Demineralized water causes rapid pump seal wear, resulting in frequent maintenance requirements. Upgrading to seal-flushed pumps can extend the seal life to 6,000 hours or more by circulating re-mineralized water through the cavity between the high and low pressure seals.

2. Water lubricated pumps

Upgrading to water lubricated pumps offers many advantages. They can run up to 8,000 hours between rebuilds and eliminate the need to change pump crankcase oil every few thousand hours.

The addition of high pressure filters and automatic drain valves can reduce nozzle plugging

3. High pressure filters

Pump seal wear introduces small particles into high pressure pipes, which can result in frequent fog nozzle plugging. High pressure filters, installed downstream of the pumps, capture these particles and can greatly reduce fog nozzle maintenance.

4. Duct drainage systems

Duct drainage systems should be capable of removing any flowing or pooling water from the duct so un-atomized water is not suctioned into the compressor. Some early installations did not include properly designed drainage systems. Viewing windows, to allow visual inspection of fog nozzle manifolds or the conditions at the compressor inlet can also be installed.

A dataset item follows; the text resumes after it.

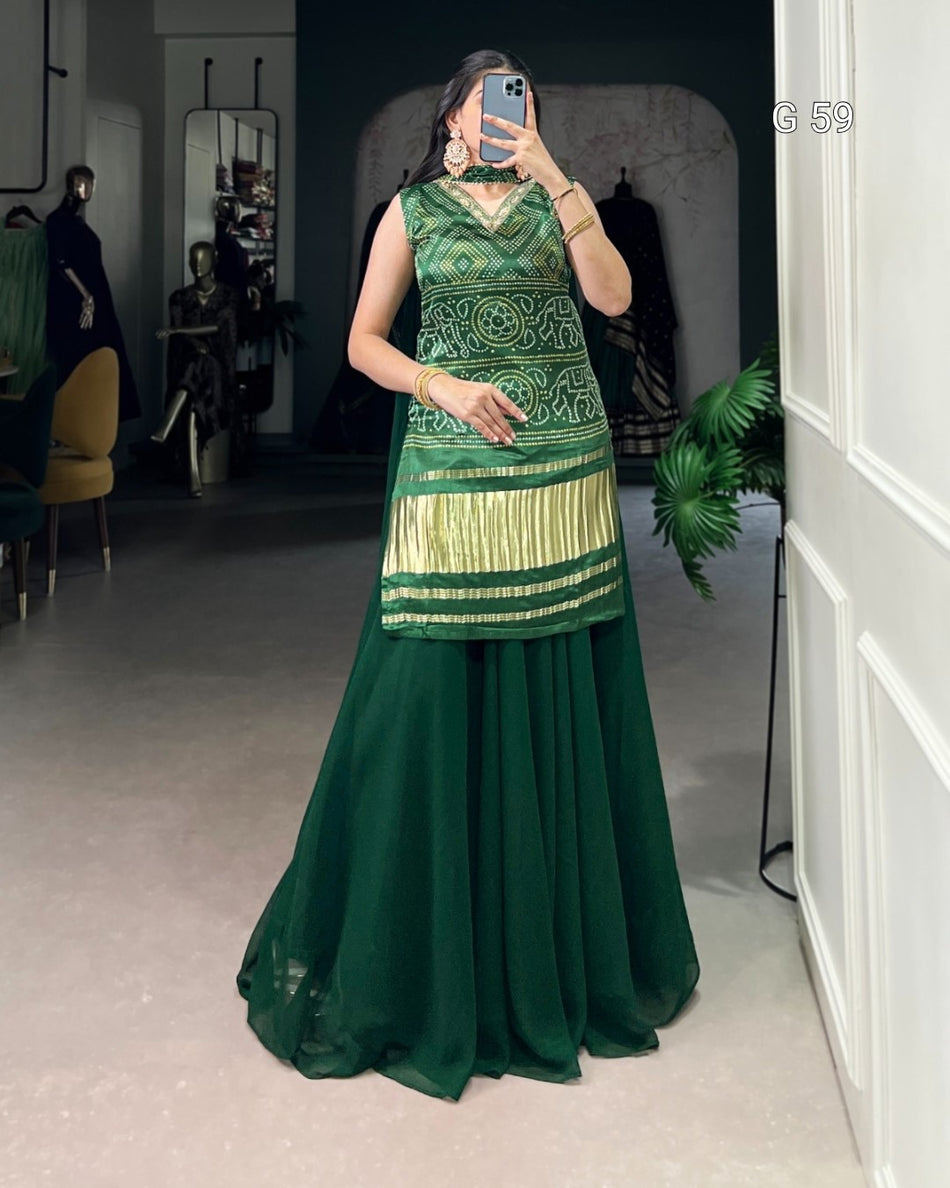 Person wearing a green traditional outfit with a patterned top and plain skirt, standing in a room.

Some early systems have nozzle manifolds that don’t cover the full cross section of the inlet duct

5. Fog nozzle reconditioning

Nozzles should be visually checked annually to ensure proper operation. Mee Industries offers a nozzle reconditioning service to keep nozzles in top shape. Nozzles that cannot be reconditioned are replaced with new nozzles. Some operators keep a spare set of nozzles. This way nozzles in need of service can be quickly replaced, even during a short outage, and returned for reconditioning.

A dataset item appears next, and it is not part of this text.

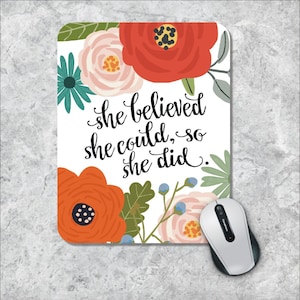 May include: A white mouse pad with a floral design and the text "she believed she could, so she did."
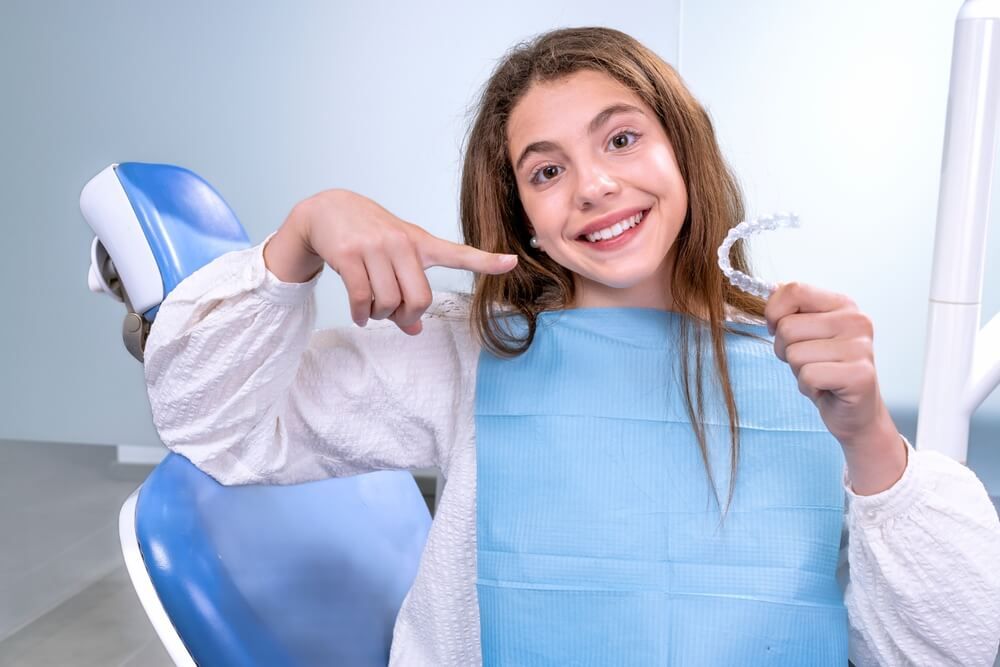 teen girl in white shirt lying at dentist clinic with aesthetic orthodontics invisalign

6. Correctly designed fog nozzle lines

It is important that nozzle lines distribute the fog nozzles across the entire airflow. If nozzles are not properly distributed some areas in the airflow can have more fog than can evaporate and other areas can have no fog. This can result in poor cooling performance, excess water accumulation on duct surfaces and temperature differences across the compressor inlet.

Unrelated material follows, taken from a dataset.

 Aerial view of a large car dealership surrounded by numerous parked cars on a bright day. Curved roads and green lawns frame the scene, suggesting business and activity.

Upgrading old parts and technology means better performance and less regular maintenance

7. Stainless steel braided hoses

Replace old rubber hoses with high-quality stainless steel braided hoses and get maintenance-free operation for many years.

8. TIG welded nozzle adapters

In the early years of gas turbine fogging, fog nozzle adapters were often soldered or brazed onto the stainless steel fog lines. Over the years these joints have been known to fail. TIG welding creates a nozzle adapter joint that will last indefinitely.

Upgrading old parts and technology means better performance and less regular maintenance

9. Programmable logic controllers (PLCs)

Early fog systems often have PLCs that are no longer supported by the manufacturer, which makes reprogramming them impossible. MeeFog offers a PLC replacement that can be done in a few days in the field. Control software can then be upgraded.

10. Fogging at below base load

Early fog systems were designed to operate only when the gas turbine is above base load. If the gas turbine is often operated below base load this can be a problem. When the GT ramps up to base load, the fog starts and GT output spikes. To avoid this problem, the control software can be modified to allow for below base load operation of the fogging system.

Additional Wet Compression Power Boost

MeeFog wet compression skid

11. Wet compression for increased power boost

Wet compression consists of spraying more water into the inlet duct than can evaporate. The additional fog spray is carried by the airflow into the compressor where it evaporates and gives an intercooling effect. This reduces the work of compression so the turbine produces more power.

MeeFog has installed many wet compression systems on turbines ranging from aeroderivatives to modern F-Class turbines with fog flow rates of as much as 2.5% of the gas turbine air mass flow. Injecting 1% of the air mass flow as wet compression can produce a power boost of 5% or more, depending on the gas turbine.